ACTION ITEM: With the first line below as the start and the line containing "Comfy Grey Poka" as the end, copy every line between them exactly, ends included.

*** INPUT FOR THIS TASK Section Begins ***

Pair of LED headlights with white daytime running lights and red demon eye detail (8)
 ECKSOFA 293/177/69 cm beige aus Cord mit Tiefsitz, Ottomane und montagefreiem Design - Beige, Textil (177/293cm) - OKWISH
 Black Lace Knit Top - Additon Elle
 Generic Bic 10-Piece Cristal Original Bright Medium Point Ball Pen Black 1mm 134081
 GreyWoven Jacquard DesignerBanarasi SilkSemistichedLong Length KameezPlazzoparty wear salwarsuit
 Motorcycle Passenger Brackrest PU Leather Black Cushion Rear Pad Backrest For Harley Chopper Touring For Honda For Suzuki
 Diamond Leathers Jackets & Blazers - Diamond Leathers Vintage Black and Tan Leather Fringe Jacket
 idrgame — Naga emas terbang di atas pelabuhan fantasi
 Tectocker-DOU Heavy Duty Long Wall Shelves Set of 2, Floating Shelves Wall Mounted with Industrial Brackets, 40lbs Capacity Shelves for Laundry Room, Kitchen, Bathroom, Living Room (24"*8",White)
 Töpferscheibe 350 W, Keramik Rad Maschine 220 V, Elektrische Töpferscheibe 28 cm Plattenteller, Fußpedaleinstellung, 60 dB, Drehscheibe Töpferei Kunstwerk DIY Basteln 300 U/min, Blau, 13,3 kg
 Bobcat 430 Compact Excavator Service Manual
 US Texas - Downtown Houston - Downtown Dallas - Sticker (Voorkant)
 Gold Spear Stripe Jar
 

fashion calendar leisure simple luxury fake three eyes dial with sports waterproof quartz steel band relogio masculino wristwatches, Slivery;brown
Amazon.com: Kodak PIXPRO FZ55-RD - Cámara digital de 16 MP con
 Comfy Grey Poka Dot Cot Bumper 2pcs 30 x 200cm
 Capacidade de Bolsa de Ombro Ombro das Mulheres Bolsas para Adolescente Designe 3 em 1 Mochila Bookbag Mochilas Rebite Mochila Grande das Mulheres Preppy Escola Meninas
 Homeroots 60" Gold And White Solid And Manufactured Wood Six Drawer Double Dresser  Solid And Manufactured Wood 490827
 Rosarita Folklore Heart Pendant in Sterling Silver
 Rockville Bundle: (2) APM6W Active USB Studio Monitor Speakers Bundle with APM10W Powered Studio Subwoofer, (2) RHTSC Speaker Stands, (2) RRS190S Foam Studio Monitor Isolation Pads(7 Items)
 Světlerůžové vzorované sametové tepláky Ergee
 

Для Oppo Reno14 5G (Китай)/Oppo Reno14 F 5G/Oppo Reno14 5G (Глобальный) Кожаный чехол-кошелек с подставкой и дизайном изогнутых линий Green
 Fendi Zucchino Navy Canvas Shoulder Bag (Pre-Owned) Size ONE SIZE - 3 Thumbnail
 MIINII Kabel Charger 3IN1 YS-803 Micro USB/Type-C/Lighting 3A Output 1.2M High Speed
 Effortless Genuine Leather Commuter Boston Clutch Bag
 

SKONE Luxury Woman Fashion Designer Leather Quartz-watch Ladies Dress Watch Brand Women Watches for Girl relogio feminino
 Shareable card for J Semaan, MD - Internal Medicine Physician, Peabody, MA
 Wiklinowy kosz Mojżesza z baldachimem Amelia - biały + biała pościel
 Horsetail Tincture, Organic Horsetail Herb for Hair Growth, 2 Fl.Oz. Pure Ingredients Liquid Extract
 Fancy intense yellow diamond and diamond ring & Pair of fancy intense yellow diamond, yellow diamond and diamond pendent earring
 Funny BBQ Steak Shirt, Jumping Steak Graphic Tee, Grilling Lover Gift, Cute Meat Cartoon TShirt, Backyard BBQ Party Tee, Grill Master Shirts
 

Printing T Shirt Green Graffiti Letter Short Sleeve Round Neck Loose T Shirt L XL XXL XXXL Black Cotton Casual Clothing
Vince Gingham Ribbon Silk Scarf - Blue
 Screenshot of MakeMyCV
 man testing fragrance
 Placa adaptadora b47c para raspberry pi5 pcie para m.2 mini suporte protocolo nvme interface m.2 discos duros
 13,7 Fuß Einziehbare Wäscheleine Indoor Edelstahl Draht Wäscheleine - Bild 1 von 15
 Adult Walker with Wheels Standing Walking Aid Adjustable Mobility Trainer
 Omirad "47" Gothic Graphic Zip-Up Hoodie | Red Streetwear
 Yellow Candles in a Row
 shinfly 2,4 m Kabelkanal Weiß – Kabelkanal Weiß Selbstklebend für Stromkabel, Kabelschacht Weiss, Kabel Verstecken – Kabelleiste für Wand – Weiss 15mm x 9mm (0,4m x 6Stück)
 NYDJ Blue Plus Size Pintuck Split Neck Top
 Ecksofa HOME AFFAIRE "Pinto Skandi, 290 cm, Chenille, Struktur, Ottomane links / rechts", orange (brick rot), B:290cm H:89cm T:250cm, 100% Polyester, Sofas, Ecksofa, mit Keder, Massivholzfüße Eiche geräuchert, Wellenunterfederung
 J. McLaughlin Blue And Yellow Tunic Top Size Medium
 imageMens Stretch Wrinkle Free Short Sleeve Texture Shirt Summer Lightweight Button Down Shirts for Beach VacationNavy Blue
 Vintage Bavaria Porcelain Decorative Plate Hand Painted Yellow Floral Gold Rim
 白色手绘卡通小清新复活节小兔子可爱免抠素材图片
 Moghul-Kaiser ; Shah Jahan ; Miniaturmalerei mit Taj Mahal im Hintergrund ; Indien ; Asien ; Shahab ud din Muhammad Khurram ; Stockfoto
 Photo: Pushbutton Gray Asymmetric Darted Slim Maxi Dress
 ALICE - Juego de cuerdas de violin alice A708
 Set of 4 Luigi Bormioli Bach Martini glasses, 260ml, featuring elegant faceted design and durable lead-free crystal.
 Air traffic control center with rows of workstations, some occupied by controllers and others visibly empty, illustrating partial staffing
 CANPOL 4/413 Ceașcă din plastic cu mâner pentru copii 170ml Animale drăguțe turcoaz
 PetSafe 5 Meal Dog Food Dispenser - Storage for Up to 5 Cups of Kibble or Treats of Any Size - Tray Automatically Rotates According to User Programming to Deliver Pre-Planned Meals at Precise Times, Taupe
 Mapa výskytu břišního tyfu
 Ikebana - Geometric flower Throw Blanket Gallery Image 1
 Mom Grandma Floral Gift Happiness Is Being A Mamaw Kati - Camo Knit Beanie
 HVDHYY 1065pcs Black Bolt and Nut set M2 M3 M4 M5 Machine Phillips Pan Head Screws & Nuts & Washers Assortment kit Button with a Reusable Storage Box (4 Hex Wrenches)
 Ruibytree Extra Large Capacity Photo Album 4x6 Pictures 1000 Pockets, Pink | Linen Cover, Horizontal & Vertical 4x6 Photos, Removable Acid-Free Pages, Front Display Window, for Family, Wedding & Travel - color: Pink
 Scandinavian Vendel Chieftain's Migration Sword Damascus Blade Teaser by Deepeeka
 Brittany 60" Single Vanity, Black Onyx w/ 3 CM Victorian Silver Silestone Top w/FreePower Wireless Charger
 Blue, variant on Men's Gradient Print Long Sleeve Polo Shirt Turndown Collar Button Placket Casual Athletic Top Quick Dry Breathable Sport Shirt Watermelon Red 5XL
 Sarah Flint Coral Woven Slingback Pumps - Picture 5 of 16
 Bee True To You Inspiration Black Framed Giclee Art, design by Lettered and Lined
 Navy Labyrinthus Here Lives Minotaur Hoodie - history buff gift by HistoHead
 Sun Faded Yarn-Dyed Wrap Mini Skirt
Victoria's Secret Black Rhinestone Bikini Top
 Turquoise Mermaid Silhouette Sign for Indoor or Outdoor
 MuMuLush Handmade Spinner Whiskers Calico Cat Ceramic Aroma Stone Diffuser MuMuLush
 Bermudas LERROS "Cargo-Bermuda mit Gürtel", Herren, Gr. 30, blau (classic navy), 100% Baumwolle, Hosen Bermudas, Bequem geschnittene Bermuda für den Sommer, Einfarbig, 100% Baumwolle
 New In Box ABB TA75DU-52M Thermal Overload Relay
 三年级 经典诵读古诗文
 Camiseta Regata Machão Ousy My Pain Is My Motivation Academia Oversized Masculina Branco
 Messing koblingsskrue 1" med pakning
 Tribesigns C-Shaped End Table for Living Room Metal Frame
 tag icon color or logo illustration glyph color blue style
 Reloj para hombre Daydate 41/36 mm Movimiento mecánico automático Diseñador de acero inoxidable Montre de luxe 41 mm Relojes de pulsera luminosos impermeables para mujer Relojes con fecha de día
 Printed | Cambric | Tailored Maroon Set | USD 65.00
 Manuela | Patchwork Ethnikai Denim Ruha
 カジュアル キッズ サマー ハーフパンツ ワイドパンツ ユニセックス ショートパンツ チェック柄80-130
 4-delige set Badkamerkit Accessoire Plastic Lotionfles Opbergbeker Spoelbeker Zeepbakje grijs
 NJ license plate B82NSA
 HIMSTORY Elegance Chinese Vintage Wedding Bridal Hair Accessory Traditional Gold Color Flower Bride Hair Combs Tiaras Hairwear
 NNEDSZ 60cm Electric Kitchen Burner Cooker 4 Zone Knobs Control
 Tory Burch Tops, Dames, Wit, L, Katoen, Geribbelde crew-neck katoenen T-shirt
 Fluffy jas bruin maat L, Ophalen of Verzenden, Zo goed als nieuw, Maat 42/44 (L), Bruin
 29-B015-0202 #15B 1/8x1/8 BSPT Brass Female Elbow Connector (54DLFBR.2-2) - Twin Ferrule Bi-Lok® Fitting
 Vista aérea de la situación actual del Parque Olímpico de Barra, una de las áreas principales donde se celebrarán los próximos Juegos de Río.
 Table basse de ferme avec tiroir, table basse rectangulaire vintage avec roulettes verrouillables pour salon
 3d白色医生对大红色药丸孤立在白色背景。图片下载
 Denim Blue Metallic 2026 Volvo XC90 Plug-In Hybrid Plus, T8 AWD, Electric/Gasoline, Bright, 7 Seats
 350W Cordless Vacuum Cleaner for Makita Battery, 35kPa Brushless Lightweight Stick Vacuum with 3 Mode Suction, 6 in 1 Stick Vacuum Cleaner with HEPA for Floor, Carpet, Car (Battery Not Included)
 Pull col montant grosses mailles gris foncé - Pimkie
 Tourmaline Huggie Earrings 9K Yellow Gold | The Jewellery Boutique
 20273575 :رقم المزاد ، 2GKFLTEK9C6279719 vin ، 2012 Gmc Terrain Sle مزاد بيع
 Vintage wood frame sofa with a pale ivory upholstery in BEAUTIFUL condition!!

*** INPUT FOR THIS TASK Section Ends ***

ANSWER FOR THE TASK:
Pair of LED headlights with white daytime running lights and red demon eye detail (8)
 ECKSOFA 293/177/69 cm beige aus Cord mit Tiefsitz, Ottomane und montagefreiem Design - Beige, Textil (177/293cm) - OKWISH
 Black Lace Knit Top - Additon Elle
 Generic Bic 10-Piece Cristal Original Bright Medium Point Ball Pen Black 1mm 134081
 GreyWoven Jacquard DesignerBanarasi SilkSemistichedLong Length KameezPlazzoparty wear salwarsuit
 Motorcycle Passenger Brackrest PU Leather Black Cushion Rear Pad Backrest For Harley Chopper Touring For Honda For Suzuki
 Diamond Leathers Jackets & Blazers - Diamond Leathers Vintage Black and Tan Leather Fringe Jacket
 idrgame — Naga emas terbang di atas pelabuhan fantasi
 Tectocker-DOU Heavy Duty Long Wall Shelves Set of 2, Floating Shelves Wall Mounted with Industrial Brackets, 40lbs Capacity Shelves for Laundry Room, Kitchen, Bathroom, Living Room (24"*8",White)
 Töpferscheibe 350 W, Keramik Rad Maschine 220 V, Elektrische Töpferscheibe 28 cm Plattenteller, Fußpedaleinstellung, 60 dB, Drehscheibe Töpferei Kunstwerk DIY Basteln 300 U/min, Blau, 13,3 kg
 Bobcat 430 Compact Excavator Service Manual
 US Texas - Downtown Houston - Downtown Dallas - Sticker (Voorkant)
 Gold Spear Stripe Jar
 

fashion calendar leisure simple luxury fake three eyes dial with sports waterproof quartz steel band relogio masculino wristwatches, Slivery;brown
Amazon.com: Kodak PIXPRO FZ55-RD - Cámara digital de 16 MP con
 Comfy Grey Poka Dot Cot Bumper 2pcs 30 x 200cm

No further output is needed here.